Perhaps IDC can provide some clarity, but different designs do achieve different densities. If I remember correctly, cache is very un-dense, as well as that apparently unused space below the igpu as well.
xtor density will scale with target clockspeed within a given node. The denser the xtors, the slower the circuits they tend to form, the lower the overall clockspeed of the circuit.
You see this across logic, very dense gpu circuits targeting rather low clockspeeds (comparatively, versus mpu circuits built on the same node).
You also see this in cache, L1$ will be very low xtor density versus L3$ but it will also be clocked at the same clockspeed as the logic circuits and with very low latency. L3$ will not be clocked as high, but it will be much more dense.
This is a direct result of the drive current, which within a given process node is a function of operating voltage and xtor width. The wider the xtor the lower its effective density but the higher its drive-current. Make the xtor too wide and your circuit speed decreases because of wire-delay across the circuit, but your power-consumption climbs because of all that current flow.

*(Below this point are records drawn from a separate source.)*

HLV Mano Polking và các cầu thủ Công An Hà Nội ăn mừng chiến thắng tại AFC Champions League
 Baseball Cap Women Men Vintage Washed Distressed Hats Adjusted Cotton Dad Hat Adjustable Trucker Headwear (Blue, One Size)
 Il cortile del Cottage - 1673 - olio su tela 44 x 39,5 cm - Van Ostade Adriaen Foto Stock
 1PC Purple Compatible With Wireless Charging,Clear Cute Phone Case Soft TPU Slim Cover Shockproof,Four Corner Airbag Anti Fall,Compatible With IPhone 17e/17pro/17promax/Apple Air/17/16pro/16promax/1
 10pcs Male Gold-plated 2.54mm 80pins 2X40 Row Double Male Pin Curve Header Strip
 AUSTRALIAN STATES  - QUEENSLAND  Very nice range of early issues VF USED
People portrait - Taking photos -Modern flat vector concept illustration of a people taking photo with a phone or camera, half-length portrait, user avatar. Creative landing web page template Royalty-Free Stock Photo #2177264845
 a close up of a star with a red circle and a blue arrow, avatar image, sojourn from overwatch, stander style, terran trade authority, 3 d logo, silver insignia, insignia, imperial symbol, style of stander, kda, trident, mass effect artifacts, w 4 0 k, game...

Make your xtor too narrow and your circuit speed decreases because the drive current decreases, but so too does power consumption.
It is all a delicate balancing act, but at the device physics level when we develop the xtors themselves we target specific clockspeeds (specific Idrives) and then push the dimensions of the sram cell such that we hit those targets while still producing a manufacturable sram cell that is reliable for the device's operating lifetime.
On a given node, just giving arbitrary numbers here but the ratios will be about right - we might design an sram cell for 800MHz operation in mobile devices which has a 0.1um^2 footprint but to scale that clockspeed to 4GHz the sram footprint (using the same xtors) has to balloon to 0.13 or 0.15um^2.